Directions for this task:
Go through the entries below and tally the lines containing the string "with"; report only the tally.

Scraped caption text data:

--------

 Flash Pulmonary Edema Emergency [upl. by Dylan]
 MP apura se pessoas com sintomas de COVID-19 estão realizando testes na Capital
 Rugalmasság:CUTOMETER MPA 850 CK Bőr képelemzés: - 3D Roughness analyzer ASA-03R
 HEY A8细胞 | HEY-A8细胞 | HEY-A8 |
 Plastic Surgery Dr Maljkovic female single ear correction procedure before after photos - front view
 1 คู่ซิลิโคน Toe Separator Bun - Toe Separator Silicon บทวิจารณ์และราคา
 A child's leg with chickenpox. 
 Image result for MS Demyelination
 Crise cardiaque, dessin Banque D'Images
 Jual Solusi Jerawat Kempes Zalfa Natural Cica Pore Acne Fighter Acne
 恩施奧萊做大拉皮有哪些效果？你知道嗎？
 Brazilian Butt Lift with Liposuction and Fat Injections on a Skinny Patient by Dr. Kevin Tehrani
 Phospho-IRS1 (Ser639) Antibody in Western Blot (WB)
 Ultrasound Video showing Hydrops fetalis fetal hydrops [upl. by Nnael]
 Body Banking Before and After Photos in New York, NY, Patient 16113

--------

Output of the task:
2